ACTIVITY
Print all entries below exactly, without images.

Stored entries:
^^^^^^^^^^^^^^^^

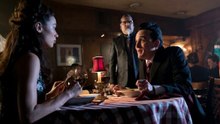 Full 'Gotham Season 4 Episode 5 : A Dark Knight: The Demon's Head - Download-Free (HD)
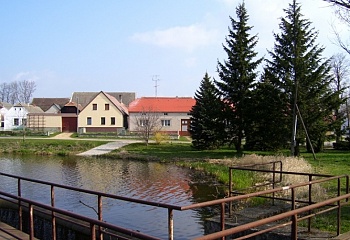 Rácovice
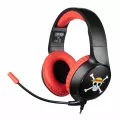 Konix KX OP GAMING HEADSET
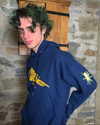 wormsheriff Altpins Profile Picture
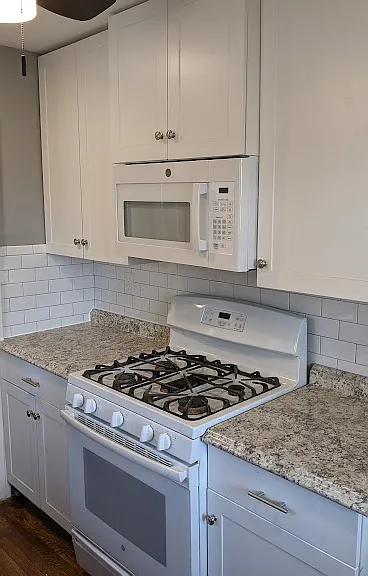 5322 Garfield Ave — Photo 10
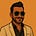 Deadbeat Zaddy's avatar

^^^^^^^^^^^^^^^^

EXPECTED ANSWER
 Full 'Gotham Season 4 Episode 5 : A Dark Knight: The Demon's Head - Download-Free (HD)
 Rácovice
 Konix KX OP GAMING HEADSET
 wormsheriff Altpins Profile Picture
 5322 Garfield Ave — Photo 10
 Deadbeat Zaddy's avatar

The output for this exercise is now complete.